ANTIQUE AMERICAN WOMENS SUFFRAGE – 'SARAH'S THREAD HOLDER' - SARAH G BAGLEY

$975.0
Original/Reproduction
Antique Original
Time Period Manufactured
Pre-1930

Women's Suffrage: Rare Sarah G. Bagley Commemorative Thread Holder Tin

AMERICAN SUFFRAGE – 'SARAH'S THREAD HOLDER'

Tin thread holder, in cylindrical form, with printed legend 'Sarah's Thread Holder' along the body, three holes to allow thread to be pulled through, end caps detach to allow insertion of spools, manufactured by Thread Holder Company, 246 Summer St., Boston, Mass., tin and printed cellophane, some wear, 114 x 38mm., 1915

This American souvenir was manufactured in 1915 as a fundraiser for 'Sarah's Suffrage Victory Campaign' run by the Thread Holder Company in Massachusetts and, according to a legend on the side, sold for 10 cents when empty and 25 cents when filled with thread. The incentive of a $500 prize was offered to the top seventeen sellers of the device, with all money received from sales divided equally between the State League Headquarters in Boston and the local League Headquarters.

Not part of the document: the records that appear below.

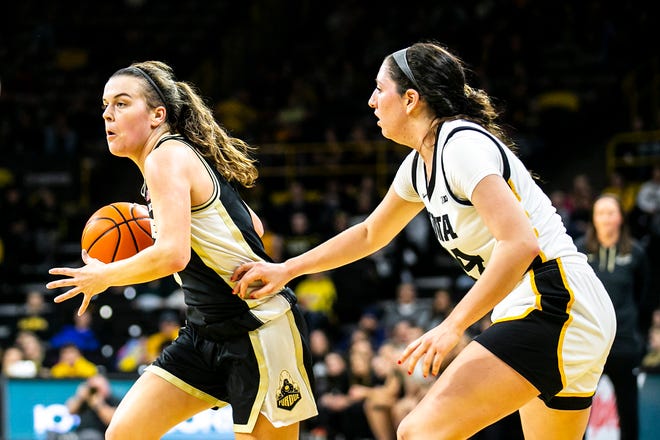 Purdue guard Cassidy Hardin, left, dribbles as Iowa's McKenna Warnock defends during a NCAA Big Ten Conference women's basketball game, Thursday, Dec. 29, 2022, at Carver-Hawkeye Arena in Iowa City, Iowa.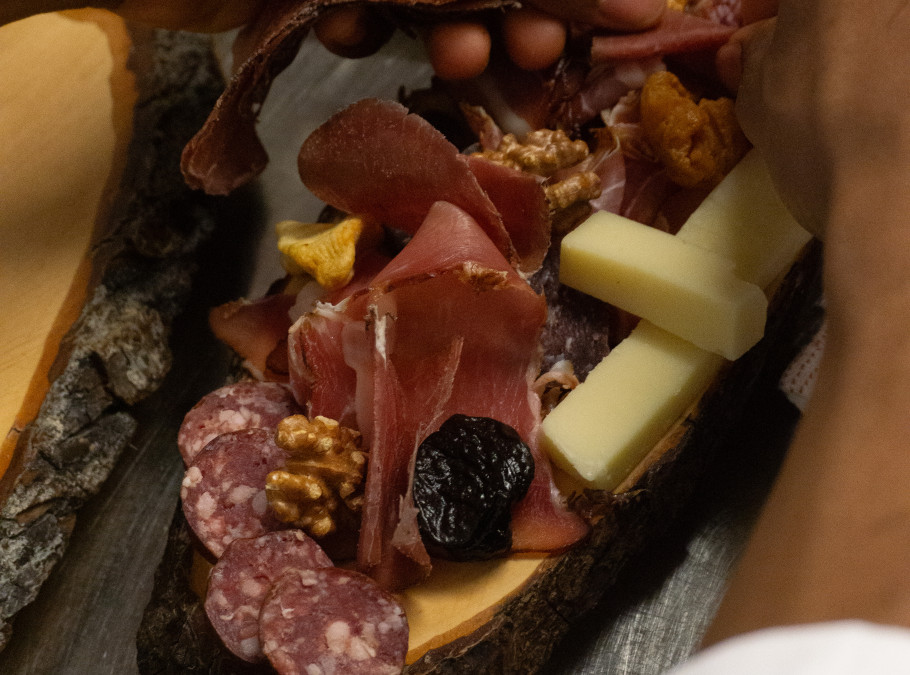 Männliche Hände richten eine kalte Platte mit Fleisch und Käse an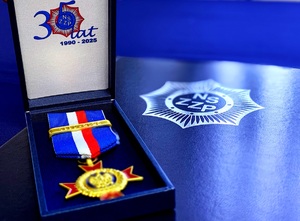 Medal w futerale obok teczka ze skrótem związku.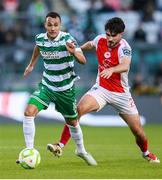 19 May 2025; Graham Burke of Shamrock Rovers in action against Luke Turner of St Patrick's Athletic during the SSE Airtricity Men's Premier Division match between Shamrock Rovers and St Patrick's Athletic at Tallaght Stadium in Dublin. Photo by Stephen McCarthy/Sportsfile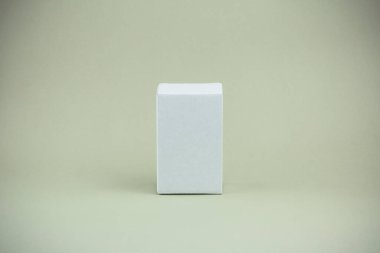 Gri zeytinli arka planda beyaz küçük karton kutu. Arkaplan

Its name celebrates Sarah G. Bagley (b.1806), an early pioneer of women's labour reform in America. She founded the Lowell Massachusetts Female Labor Reform Movement in 1844, as a response to the poor working conditions, long hours and low pay for women that she experienced as a weaver at the Hamilton Manufacturing Company. In 1846 she became the first woman telegraph operator in the newly opened telegraph office, amidst much derision in the press, but returned to the mills in 1848 before disappearing from view (see Ken Florey, Women's Suffrage Memorabilia: An Illustrated Historical Study, 2013, pp.188-189).